■ Work to complete
Take the entries below and reproduce exactly the portion that begins at the line containing "Homeroots 3' Beige" and ends at the line containing "Killstar Black and", keeping both ends, dropping pictures, and adding nothing else.

■ Supplied entries
===============
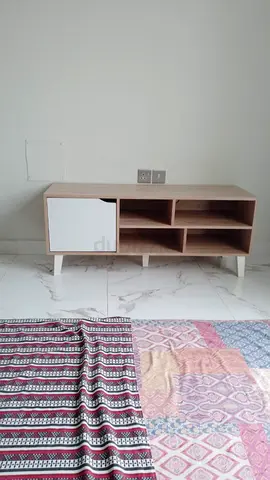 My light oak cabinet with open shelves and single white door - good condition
===============
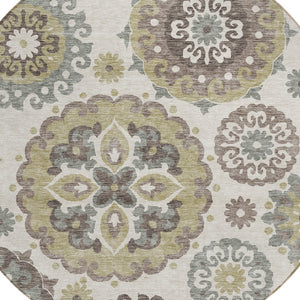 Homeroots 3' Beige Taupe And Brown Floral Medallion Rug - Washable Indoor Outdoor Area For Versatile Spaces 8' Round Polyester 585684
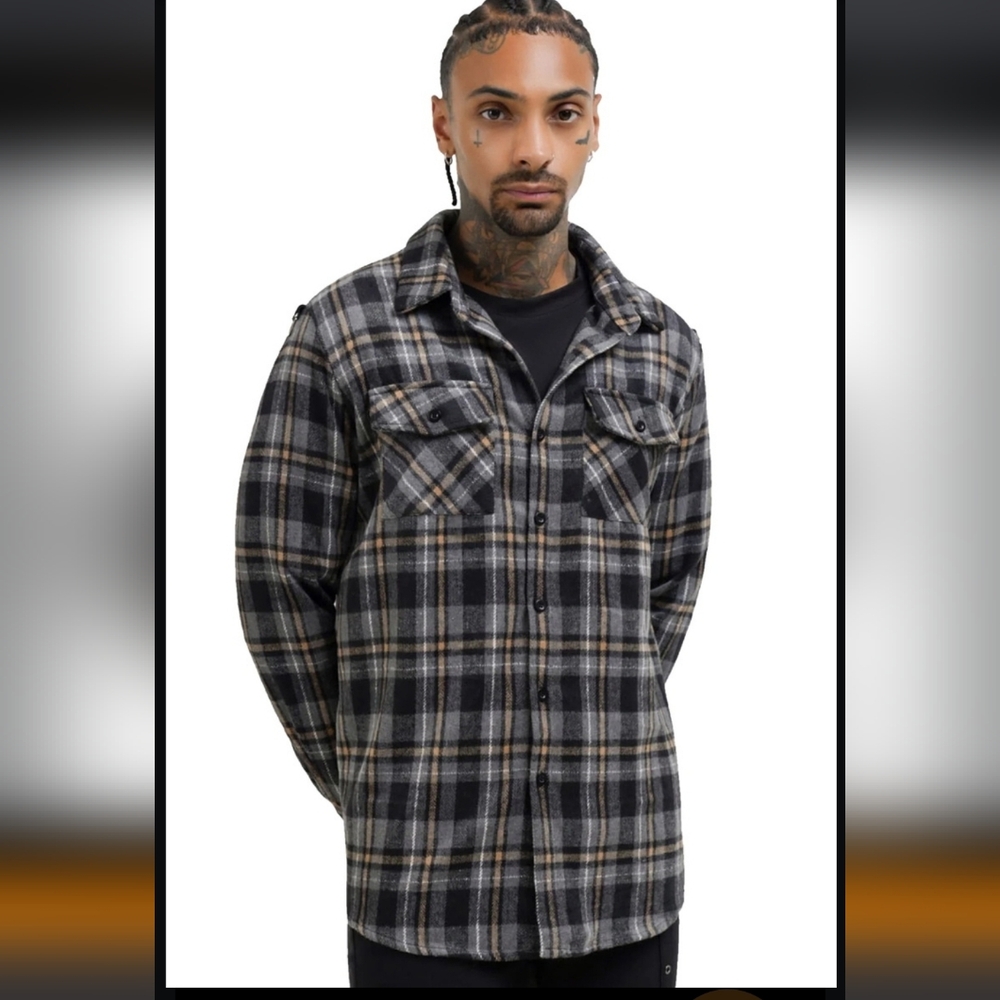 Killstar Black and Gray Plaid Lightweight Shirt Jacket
===============
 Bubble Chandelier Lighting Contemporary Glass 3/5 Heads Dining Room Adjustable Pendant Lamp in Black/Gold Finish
===============
■ Exercise answer
 Homeroots 3' Beige Taupe And Brown Floral Medallion Rug - Washable Indoor Outdoor Area For Versatile Spaces 8' Round Polyester 585684
 Killstar Black and Gray Plaid Lightweight Shirt Jacket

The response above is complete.